Tom Lane wrote:
> Jeff Davis <jdavis@dynworks.com> writes:
>
>> Basically, psql would sit there trying to connect, meanwhile all the
>> attempted connections wouldn't die.
>
>
> More details please? What do you mean exactly by the above statements?
>
>> I had to "kill -9" all the
>> postgres/postmaster processes.
>
>
> Killing individual backends with kill -9 is NOT NOT NOT a recommended
> procedure. In theory you can get away with it but why take risks?
> Use the documented shutdown procedures to give the thing some chance
> of cleaning up after itself.
>
> regards, tom lane
>
>
>
I realize that it is not good to kill the backends, but I tried the
documented SIGTERM to postmaster and it didn't work. SIGKILL was the
only thing that would kill a hanging backend, and once those were down I
could gracefully SIGTERM the postmaster with pg_ctl.

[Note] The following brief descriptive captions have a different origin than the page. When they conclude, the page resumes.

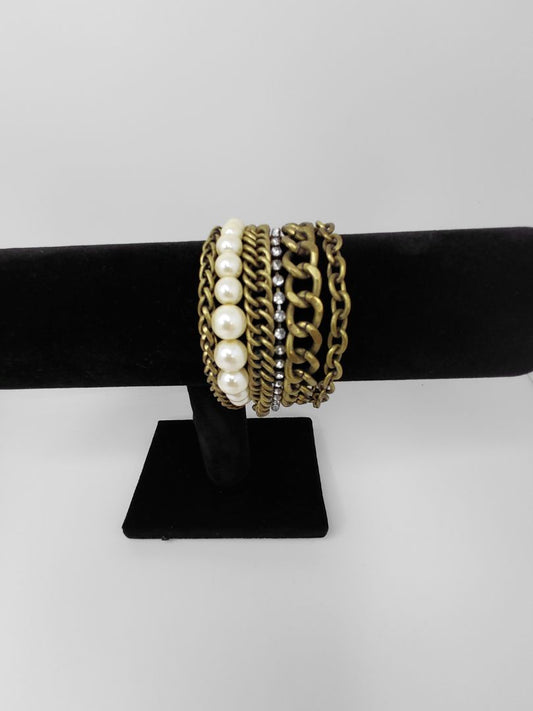 Vintage bracelet with pearls
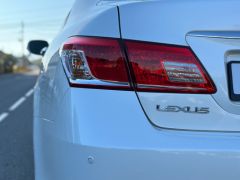 Photo of the vehicle Lexus ES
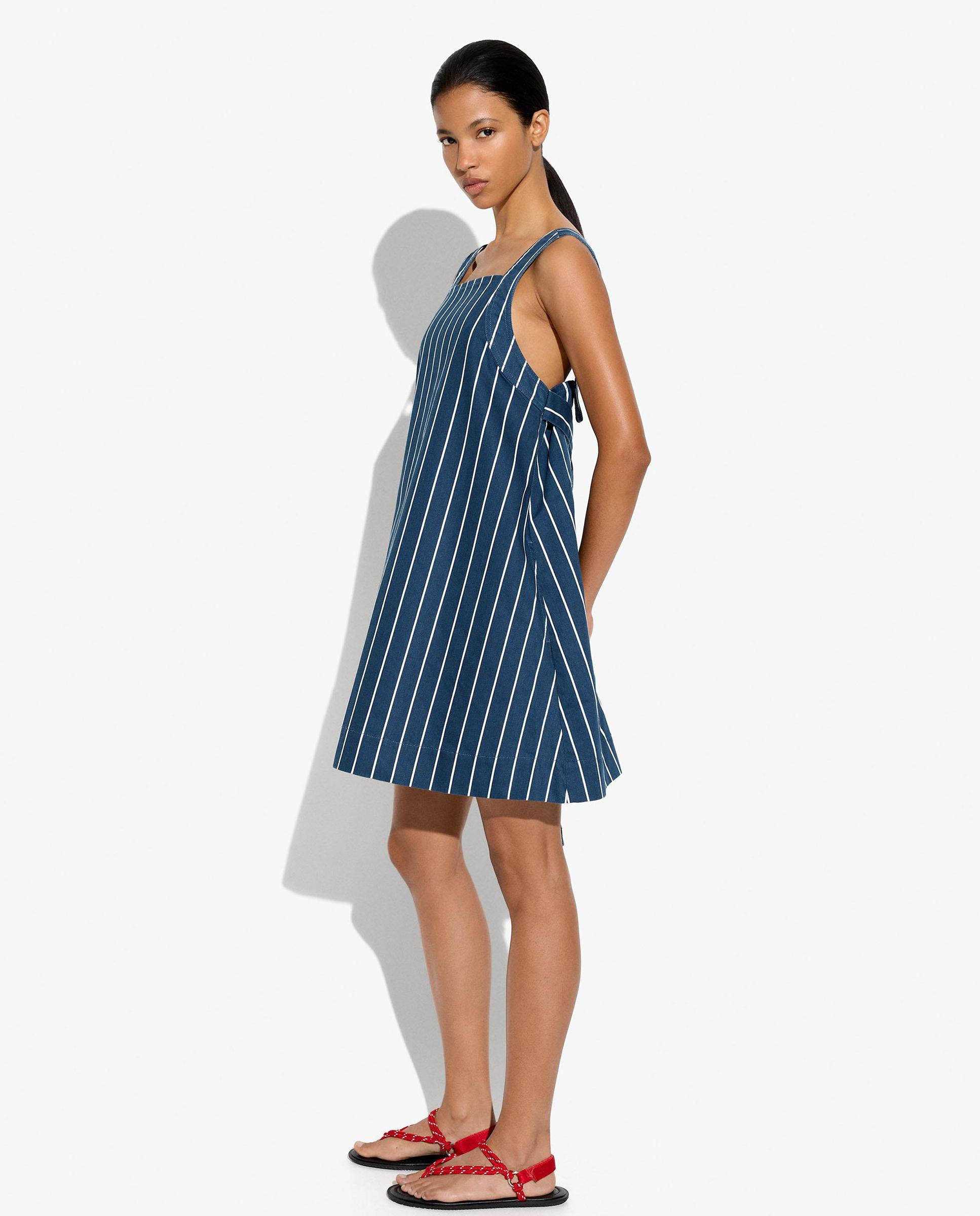 Vestido corto 100% algodón denim con pespuntes y estampado de rayas - Parfois - Azul marino Azul marino-2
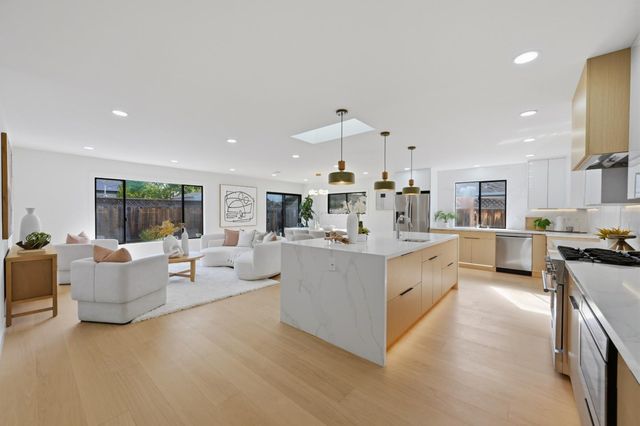 240 Victor Avenue, Campbell, CA 95008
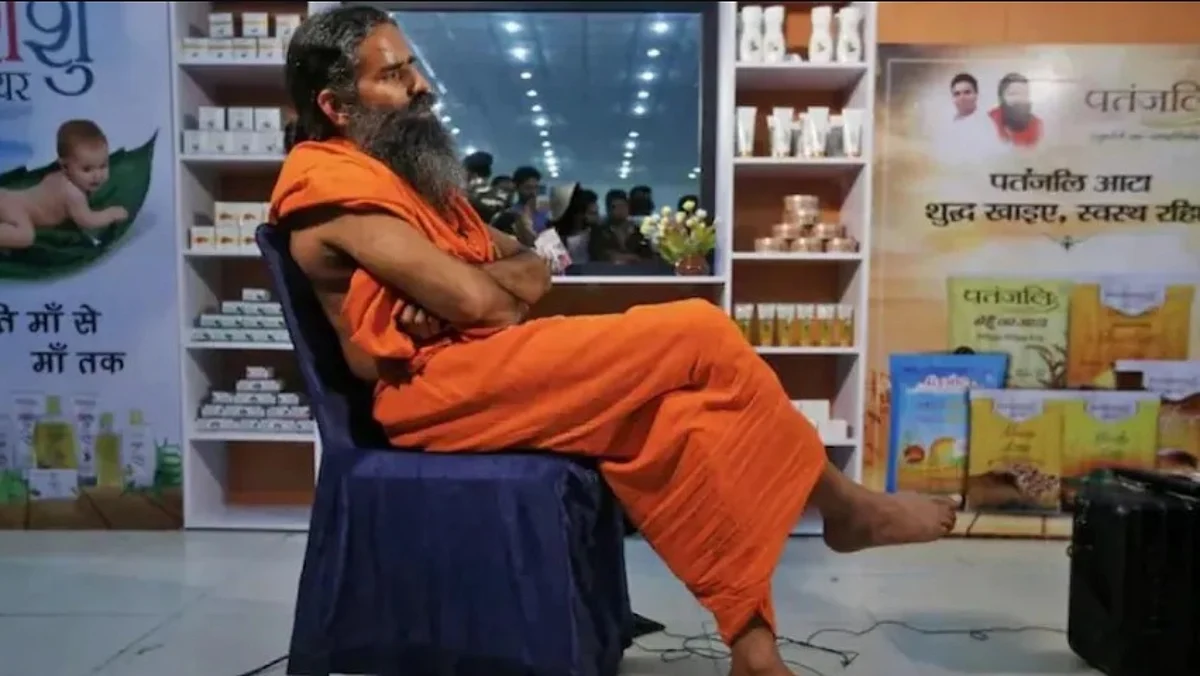 इंधनाच्या वाढत्या दरांबाबत विचारला प्रश्न तेव्हा रामदेवबाबा भडकले आणि म्हणाले.....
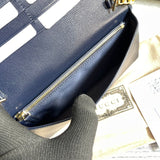 Close-up detail of everyday-luxe modern women's handbag – women's everyday handbag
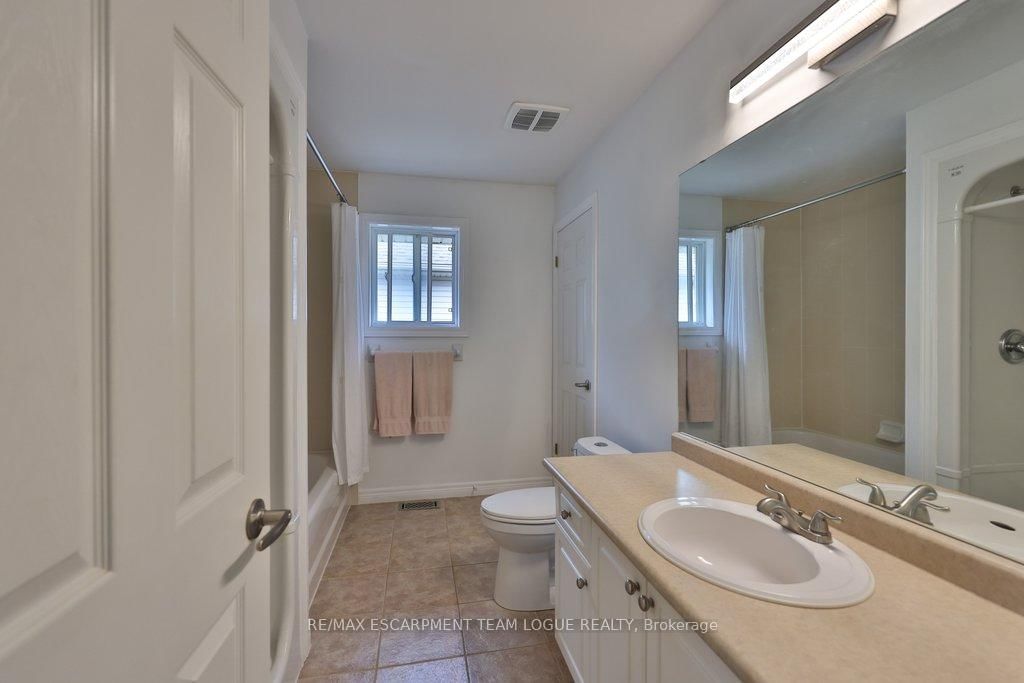 473 Delaney Court - Photo 36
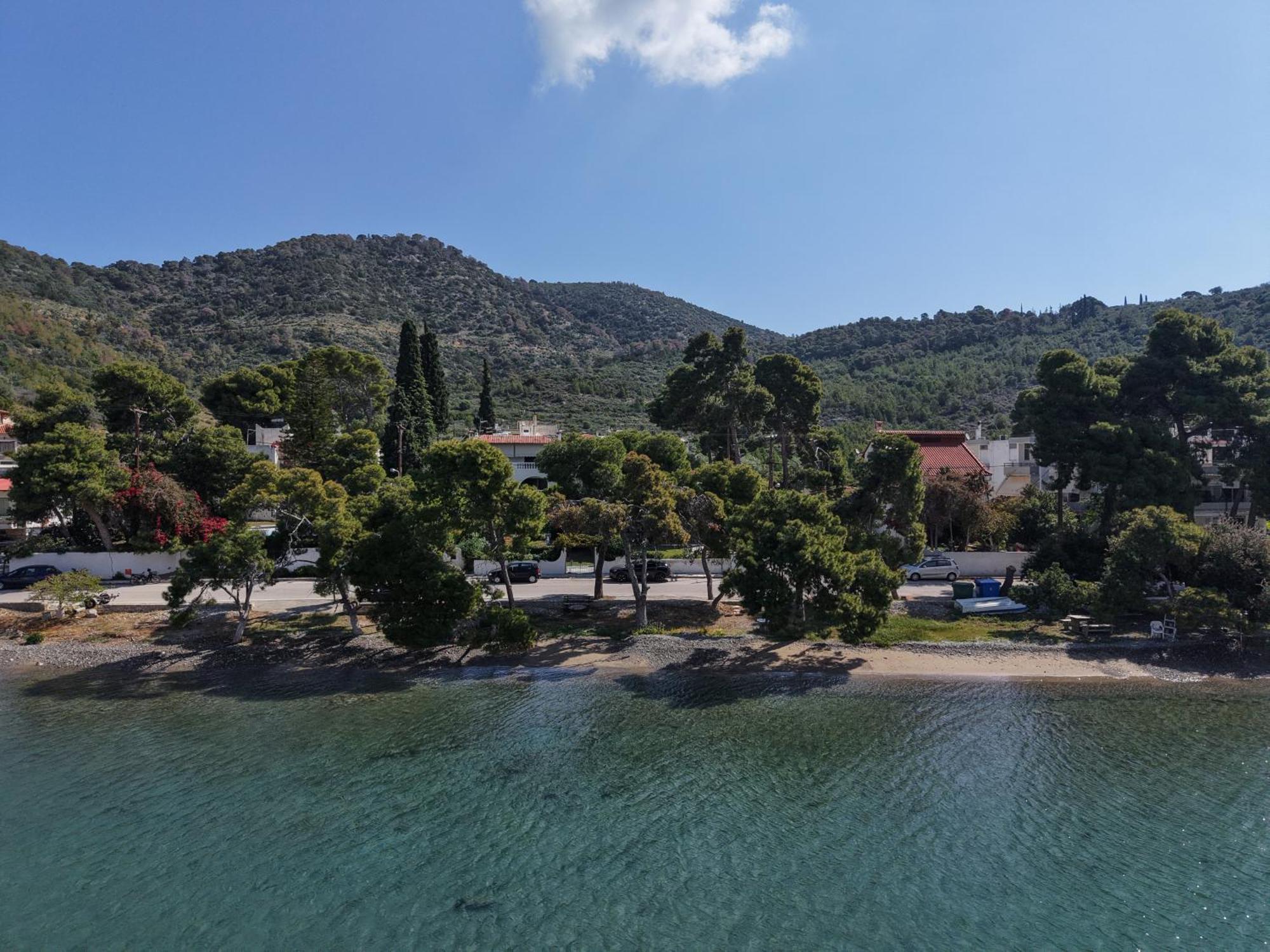 Seaview Apartment - Poros Relaxing Beachfront Flat Poros Town Екстериор снимка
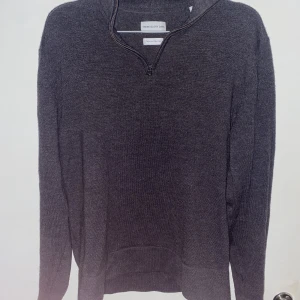 These glory days - merino half zip - Säljer min half zip i merino från These glory days. Är i storlek M och svart-grå. Skriv om intresse finns!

I reasearched the problem a little more (I mentioned above in a reply to
my own message). What would happen is this:
1) I try to make a standard connection to database "A" with psql
2) psql sits there doing nothing for a seemingly infinate amount of time
3) I Ctl-C psql to get back to the shell after several minutes
4) I look at the output of "ps ax| grep post"
and get processes like:
/usr/local/pgsql/bin/postgres [args about how I tried to connect]
as well as the postmaster
5) I try to stop using pg_ctl (seems ok)
6) I try to start with pg_ctl (gives error about a /tmp/.s.xxxx.PGSQLfile)
7) I delete the file, and try again (shared mem errors)
8) I run ipcclean and it seems to eventually work (BTW: I looked at the
script and it seems to check for the output of a "ps ... | grep ..."
command, which sometimes returns the grep process itself, and sometimes
doesn't, so I had to run it until it didn't think the backend was running).
9) I start it successfully
10) same thing happens
If I initdb another location it is fine. Appearently, the only bad
database is database A, the rest can be connected to from my real
location anyway. After I droped/recreated the database, it worked fine
(but no more tables, obviously). The rest of the DBs were unaffected. I
have a .tar of the "bad" DB, if that would help.
I apologize if the is not 100% accurate, but it should be very close to
what happened. I didn't want to take my backend down for another hour to
recreate the problem a third time.
Thanks for any more help,
Jeff Davis